"Ada pergeseran konsumen lari ke tradisional. Dia lebih percaya tradisional, transparan, terbuka, murah. Kalau premium, Rp 17.000–Rp 18.000 per kg. Di sini harganya Rp 13.000 per kg, udah bagus berasnya," jelas Amran dalam konferensi pers di Kantor Kementerian Pertanian, Jakarta, Rabu (13/8).
Amran menjelaskan, selama ini penyaluran beras dari produsen besar lebih banyak mengalir ke ritel modern, sedangkan penggilingan padi kecil hanya memasok ke pasar tradisional. Namun, penggilingan kecil kerap kalah bersaing dalam mendapatkan gabah karena produsen besar membeli di atas Harga Pokok Penjualan (HPP) yang ditetapkan pemerintah sebesar Rp 6.500 per kg.
"Persoalannya kita mau memihak pada siapa? Yang kecil atau yang besar?
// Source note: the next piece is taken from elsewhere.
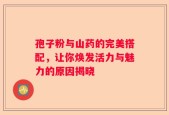 孢子粉与山药的完美搭配，让你焕发活力与魅力的原因揭晓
Pemerintah menginginkan bagaimana yang kecil ini jangan tertindas penggilingan kecil. Supaya dia ini ekonomi kerakyatan. Kalau yang besar biasanya bermain, harga gabah Rp 6.500 per kg, yang besar langsung membeli Rp 6.700 per kg, Rp 7.000 per kg," jelasnya.
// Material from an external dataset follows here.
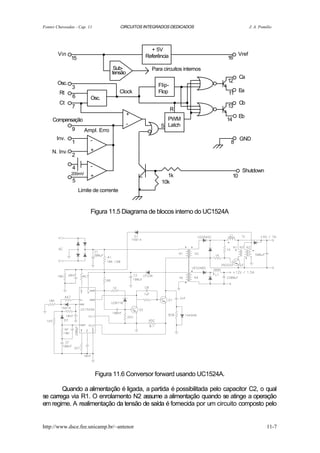 Fontes Chaveadas - Cap. 11               CIRCUITOS INTEGRADOS DEDICADOS                            J. A. Pomilio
Amran juga menyoroti pelanggaran standar mutu beras premium yang ditemukan pada pasokan ke ritel modern. Dia menegaskan masalah ini bukan sekadar oplosan, melainkan beras yang tidak memenuhi standar premium.
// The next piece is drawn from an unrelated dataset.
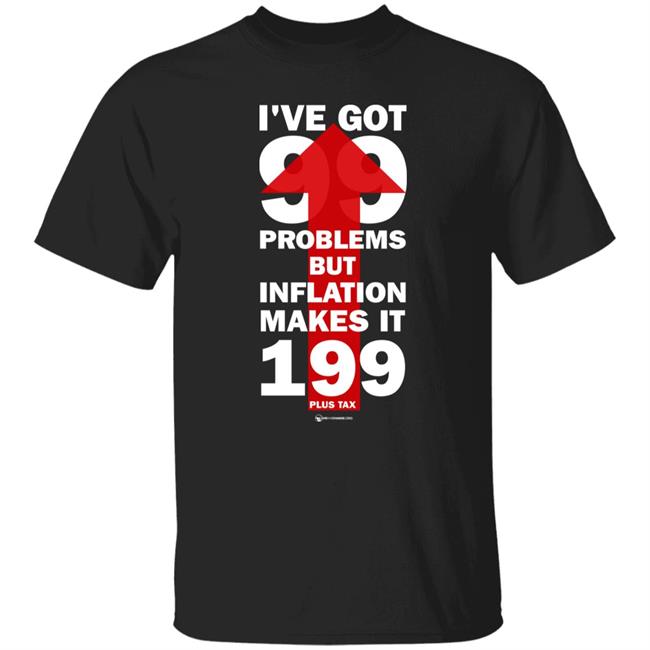 Wearechange Store I've Got 99 Problems But Inflation Makes It 199 Plus Tax Shirt Luke Rudkowski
"Standar premium broken-nya 15 persen. Tapi di sini ada tadi sampai 59 persen itu sesuai lab, bukan sesuai Kementerian Pertanian. Kami menggunakan 13 lab. Dan ada sampel kami ambil tadi 10.000, itu broken-nya 33 persen. Dan itu dianggap premium, pelanggarannya di situ," ujarnya.